第2962話

 レイとダスカー、そしてニールセンの話はまだ続いていた。


「穢れの件を王都に知らせた場合、間違いなく王都から人が来る。そしてそれをギルムで受け入れない訳にはいかない」

「でしょうね」


 穢れの具体的な危険性というのは、実際にはレイにも分からない。

 だが、長から聞いた話によると最悪大陸が滅びるかもしれないという。

 それが本当なのかどうか、確認するような真似はレイにも出来ない。

 それこそ本当にそこまでの危険を穢れが持っているのなら、それを確認するということは実際に大陸を滅ぼしてみなければ分からないのだから。

 しかし、当然のようにそんな真似をする訳にはいかない。

 だからこそ、その穢れについての情報を王都に知らせれば、王都から人を派遣してその穢れについて調べるのは間違いなかった。


「だが……そうなると、最低限妖精郷について知らせないといけなくなる」

「それは……まぁ、そうでしょうね」


 穢れという、最悪の場合は大陸を滅ぼすものがあります。

 そう言ったのだがダスカーであっても、王都の方ではどうやってその情報を知ったのかと気にするのは当然だろう。

 だが、その情報源については話せませんと言った場合、当然ながらそれを口にしたダスカーを怪しむだろう。

 つまり、穢れについての情報をどこから知ったのかというのは、どうしても話さなければならないのだ。

 そして話せば、間違いなく妖精郷と接触するということで人が送られてくる。

 その人物……間違いなく貴族だろうが、その貴族の性格によっては妖精との繋がりが切れてしまう可能性は十分にあった。

 もしその貴族が妖精を自分の物にしようと考えていたりした場合、あるいはそこまで考えておらずとも、妖精との接触は中立派のダスカーではなく国王派の貴族が行うべきと考えている者。

 他にも色々と考えられる危険はあるが、ダスカーにとって……そしてギルムにとって、面白くないことになるのは間違いのない事実だった。


「何だか二人の話を聞いてる限りだと、その国王派というのは信用出来ない相手みたいね」


 レイとダスカーの会話を聞いていたニールセンが、不満そうな様子で告げる。

 現在の妖精郷の使者はニールセンだ。

 つまり、もし国王派の貴族が派遣してきた場合、その貴族と会うのはニールセンとなる可能性が非常に高かった。

 だからこそ、ニールセンにとってそんな信用出来ない相手と接触するのは可能な限り避けたいと思うのは当然なのだろう。


「あー……いや。勘違いさせてすまない。国王派の貴族の中にも、信用出来る相手がいるのは間違いないんだ」


 ニールセンの態度を見て、不味いと思ったのだろう。

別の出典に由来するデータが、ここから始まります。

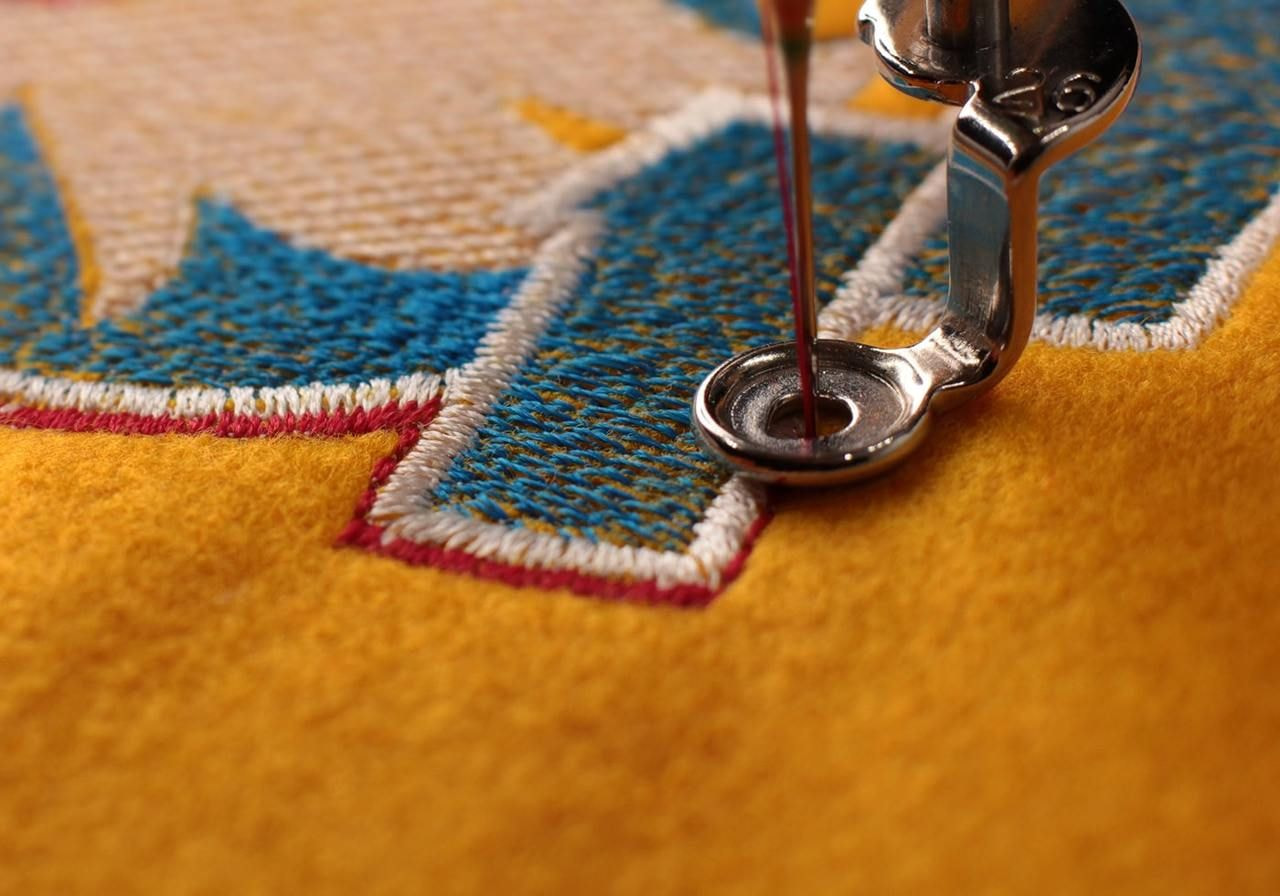 A sewing machine stitching a piece of fabric, with the needle moving up and down in a rhythmic motion.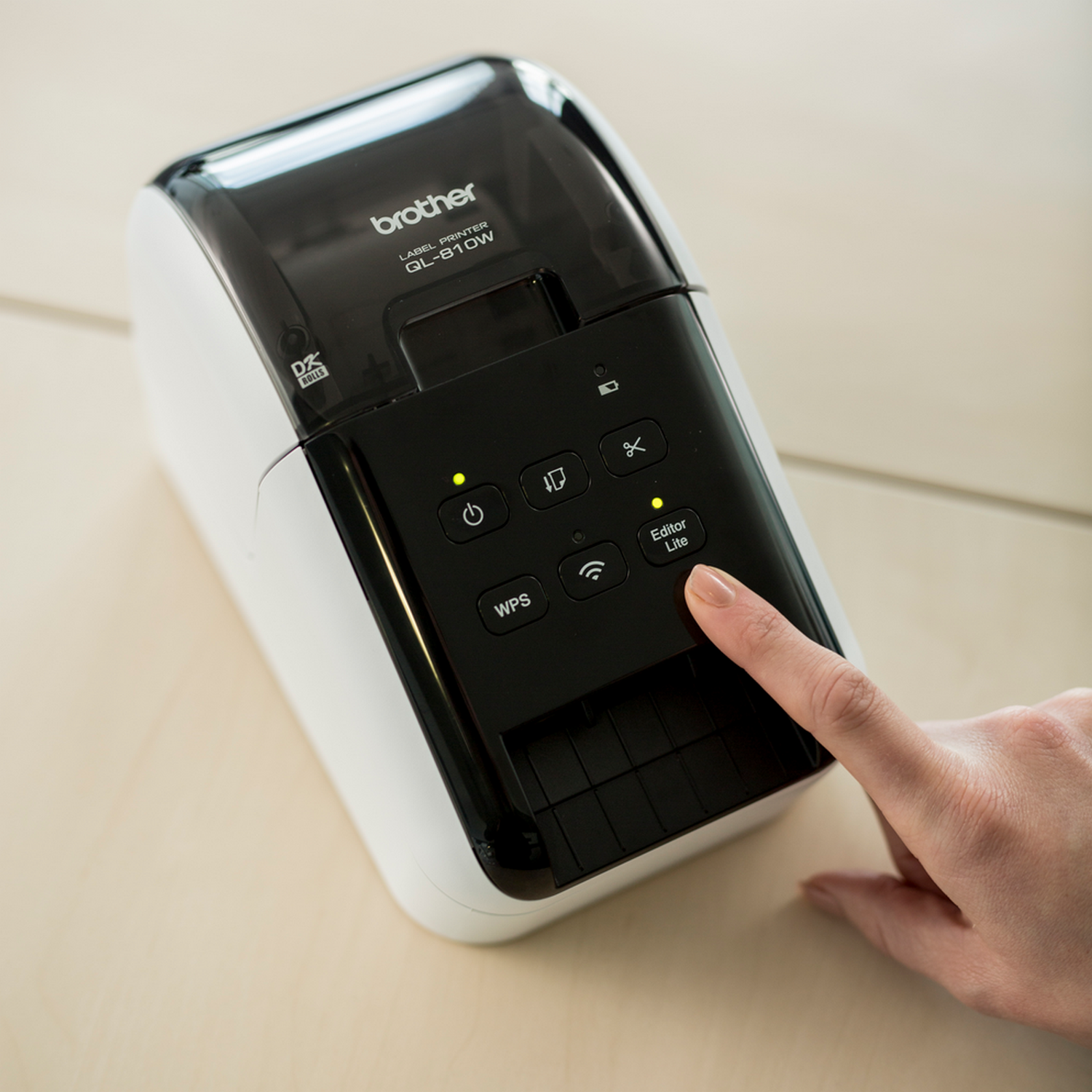 A person's finger pressing the 'Editor Lite' button on a label printer.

ダスカーは慌ててそう告げる。

 もし自分の言葉でニールセンが……いや、妖精そのものがミレアーナ王国の国王派という者達は信用出来ない相手だと認識された場合、かなり不味い出来事になるのだから当然だろう。

 実際、ダスカーの言葉は間違っている訳ではない。

 国王派の中でもレイと親しい、マルカ・クエント。

 正確にはそのマルカの実家であるクエント公爵家は、レイもちょっとしたことで接したことがあるものの、その時に接触した様子から考えるとダスカーの言うような貴族ではない。

 勿論、レイに好印象を抱いていて貰いたいという思いがあってそのような形で演じていただけという可能性も否定は出来ないのだが。

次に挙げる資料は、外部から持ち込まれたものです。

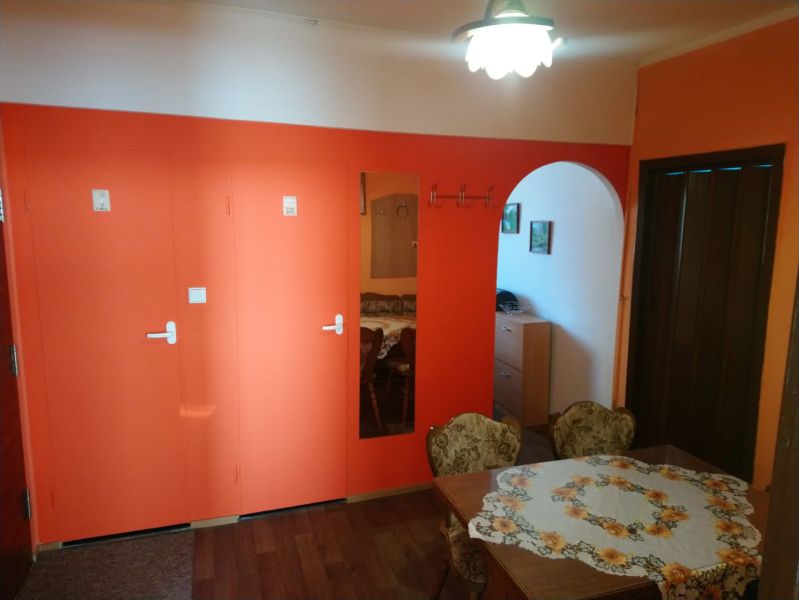 Prenájom 2 izbový byt Poprad - loggia - Jedáleň v 2-izbovom byte s oranžovou stenou, podlahou s dreveným dekorom a oblúkom.
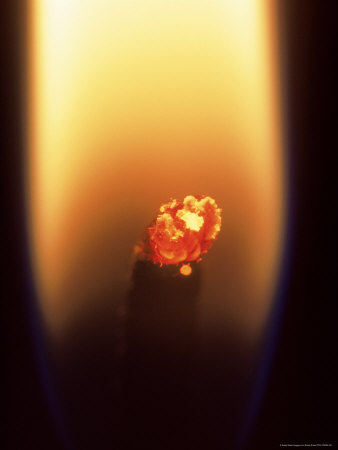 Close-Up Of Flame Around Candle Wick by David Ennis Pricing Limited Edition Print image
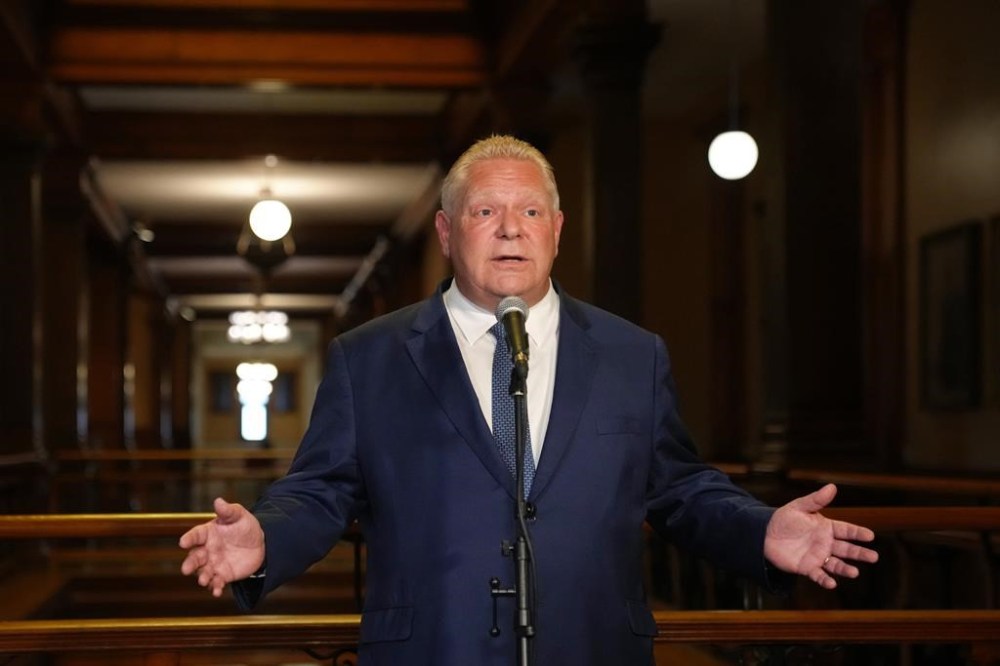 Ontario Premier Doug Ford speaks to journalists at the Queen's Park Legislature in Toronto on Friday August 25, 2023. Ford says he's confident that nothing criminal took place in his government's process of removing protected Greenbelt lands for housing development.THE CANADIAN PRESS/Chris Young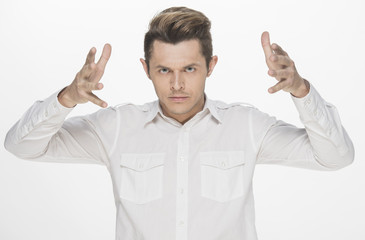 Naklejka premium Handsome young man making furious face, with hands on head, isolated on white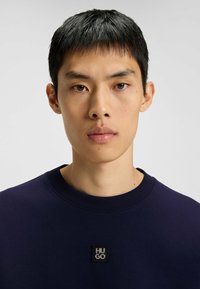 Ung man med kort svart hår iklädd en marinblå sweatshirt med en centrerad svart kvadrat HUGO-logotyp.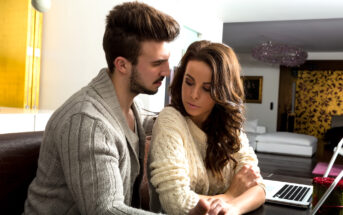 A couple sits closely together on a leather couch at home, both wearing cozy sweaters. The man has a serious expression and gently touches the woman's arm, while she looks down pensively. A laptop is open on the table in front of them, and the room is warmly lit.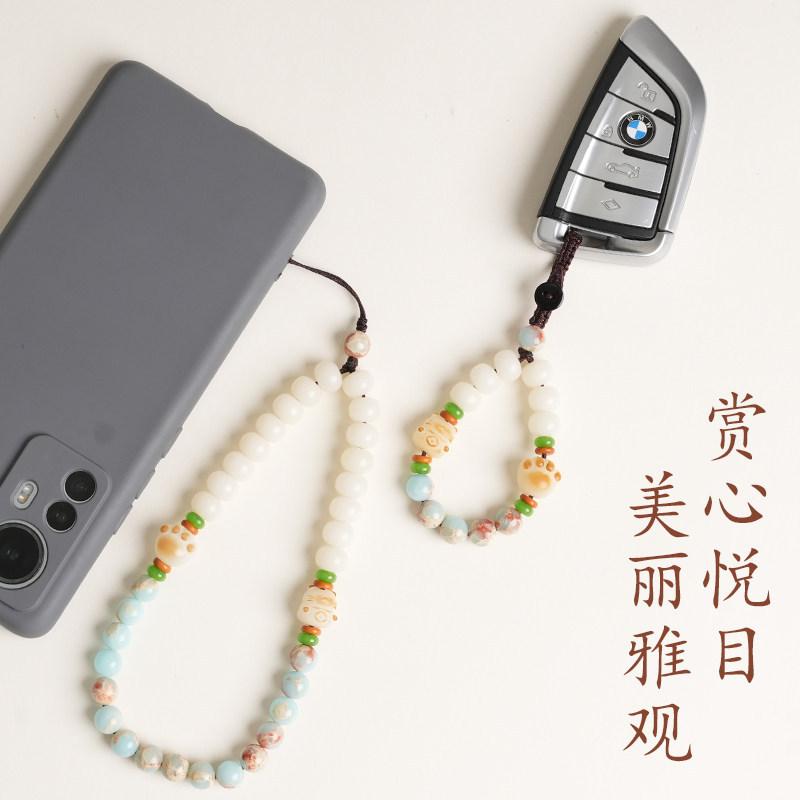 Exquisite white jade Bodhi Shoushan stone phone chain with carbon-burned cat paw design, cute anti-lost keychain pendant
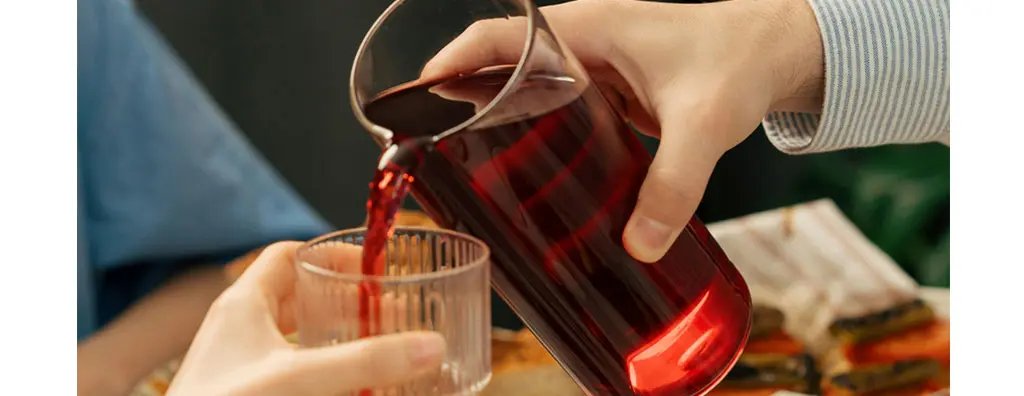 Close up of pouring a red beverage into a glass
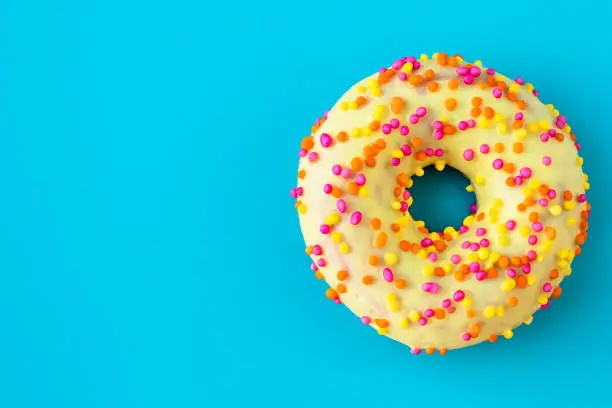 Yellow donut on a blue background with copy space. Multicolor topping on yellow glaze. Unhealthy high-calorie food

 それでもレイから見た場合、友好的で穏やかな性格をしているように思えた。

 とはいえ、相手も貴族だ。

 それもただの貴族ではなく、ミレアーナ王国で最大派閥の国王派の中でも有力者の一人と見られている人物。

 そのような者である以上、ただ性格がいいだけという可能性はまずないだろうが。


「ふーん。そうなの? 今の話を聞いてみた感じだと、とてもそうだとは思えないんだけど」


 ニールセンはそう言いつつレイに視線を向ける。

 レイはどう思っているのかと、そう尋ねているのだろう。


「ダスカー様が言ってることは間違いないと思う。俺も国王派の中で知り合い……というか会ったことがある貴族もいるけど、しっかりとした人だった。……中には国王派の名前で偉そうにしてる奴もいるけど、そういうのはどこにもいるだろうし」


 貴族派の貴族にその手の貴族が多いのはレイもこれまでの経験から知っているが、恐らく中立派の中にも数人はそのような者がいるだろうと予想している。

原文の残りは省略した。